- Exercise: Your task is to print all of the data below exactly, with no pictures included.

- The data:
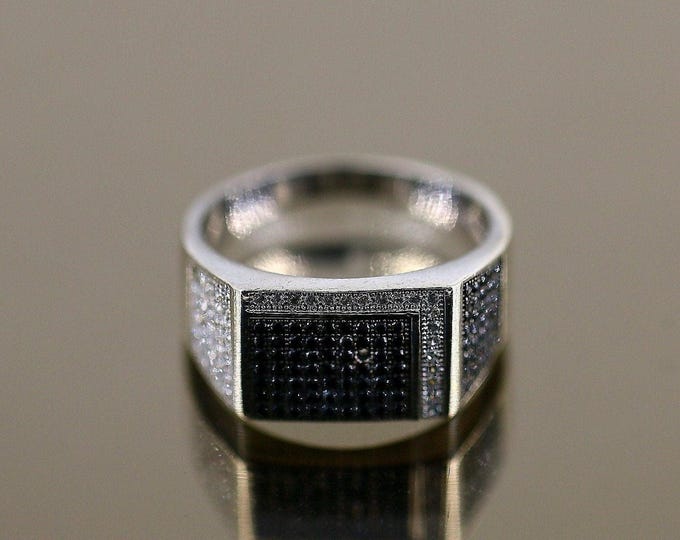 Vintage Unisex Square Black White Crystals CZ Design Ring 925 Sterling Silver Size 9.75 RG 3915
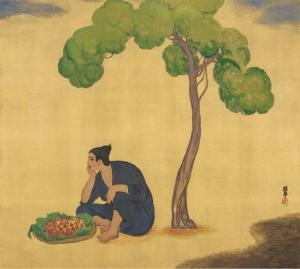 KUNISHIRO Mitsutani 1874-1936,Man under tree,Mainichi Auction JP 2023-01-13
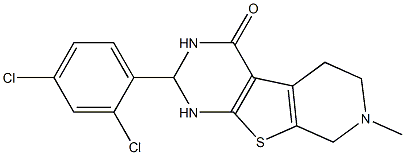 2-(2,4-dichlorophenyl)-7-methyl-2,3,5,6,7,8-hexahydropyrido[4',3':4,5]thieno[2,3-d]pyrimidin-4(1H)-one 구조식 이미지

- Task result:
 Vintage Unisex Square Black White Crystals CZ Design Ring 925 Sterling Silver Size 9.75 RG 3915
 KUNISHIRO Mitsutani 1874-1936,Man under tree,Mainichi Auction JP 2023-01-13
 2-(2,4-dichlorophenyl)-7-methyl-2,3,5,6,7,8-hexahydropyrido[4',3':4,5]thieno[2,3-d]pyrimidin-4(1H)-one 구조식 이미지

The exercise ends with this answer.